Key frame matching: In this method the representative frame of the shot known as keyframe is used for retrieval. This type of video retrieval can be called Content Based Image Retrieval (CBIR). This technique requires efficient selection of set of images or video key frames. The image which is to be searched is used as a query. This query is compared against the video key frames from video library. The key frame based matching is good for video searching but the user need to very precise about the visual component. It can be combined with metadata and text based retrieval.

Semantic features for video retrieval: This type of system uses semantic features for search. Semantic feature refers to high level or mid level features that convey semantic contents. This can include indoor, outdoor, moving car and extracting this kind of features itself is a challenging task. The automatic extraction of low level features like color and texture is not so difficult compared to this. When there are more than a few semantic features then it can be noticed that they are related. Here the structure that relates them is ontology and some examples are person, man and woman. A set of semantic concept tag are developed for the video collection then these concept tags are used for feature based retrieval to filter the collection. Usage of semantic feature has progressed a lot and detection of the feature and retrieval of the feature are to be considered as independent of each other. In reality this is not the case when there are large set of features. Therefore instead of using feature as independent filter, develop a feature based retrieval system that uses features along with their utilities. In practice, automatic feature detection is not a process that provides yes or no assignment. Instead each feature has a confidence value for its presence in a given shot.

Object based video retrieval: Here the retrieval is based on objects. Retrieval of video based on object is a straight forward task theoretically but practically it is not so simple. If motor car is thought of as an object then its various characteristics are four wheels, smooth texture on the body work. If an object is viewed on different angles then it could be seen in different shapes, color and texture due to different lighting conditions and shadow. The other difficulty with it is that the objects occlude by other objects when they move during a video shot or movement of camera or change of shape over time. If the user wants to find video shots containing an object which is identifiable with a distinct shape, color or texture then the retrieval can be based on matching of the objects as query example. Some examples for such query are boat and car. Research in the field of object based shot retrieval has been very less as well. So there is no experimental result to support it. This technique has come up very recently and so more work can be done in this field.


Since the usages of multimedia database is increasing rapidly, an efficient way to access and manipulate the information in a vast database has become a challenging and timely issue

Flickner et al (1995) have developed the QBIC (Query by Image Content) system to explore content-based retrieval methods.
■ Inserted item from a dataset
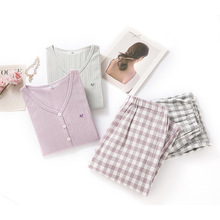 ȫ�޿ӗlᘿ�ȫ��ĥë�ιɽq ˯�����b ȫ�޼Ҿӷ� ���lһ�����l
QBIC allows queries on large image and video databases based on example images, user-constructed sketches, drawings, selected color, texture patterns, camera and object motion, and other graphical information. Two key properties of QBIC are its use of image and video content-computable properties such as color, texture, shape and motion of images, videos and their objects-in the queries, and its graphical query language, in which queries are posed by drawing, selecting and other graphical means.

Hamrapur et al (1997) have developed the Virage Video Engine (VVE) with the default set of primitives, provide the necessary frame work and basic tools for video content based retrieval. The video engine is a flexible platform independent architecture which provides support for processing multiple synchronized data streams like image sequences, audio and closed captions. The architecture performs multi-modal indexing and retrieval of video through the use of media specific primitives.

Chang et al (1998) have proposed an interactive system on the Web, based on the visual paradigm with spatio-temporal attributes playing a key role in video retrieval. The resulting system VideoQ, is the first on-line video search engine supporting automatic object based indexing and spatiotemporal queries.

Smith et al (1996) have described a highly functional prototype system for searching, by using visual features in an image database. In the VisualSEEk system, the user forms the queries by diagramming spatial arrangements of color regions. The system finds the images that contain the most similar arrangements of similar regions. Prior to the queries, the system automatically extracts and indexes salient color regions from the images. By utilizing efficient indexing techniques for color information, region sizes and absolute and relative spatial locations, a wide variety of complex joint color/spatial queries may be computed.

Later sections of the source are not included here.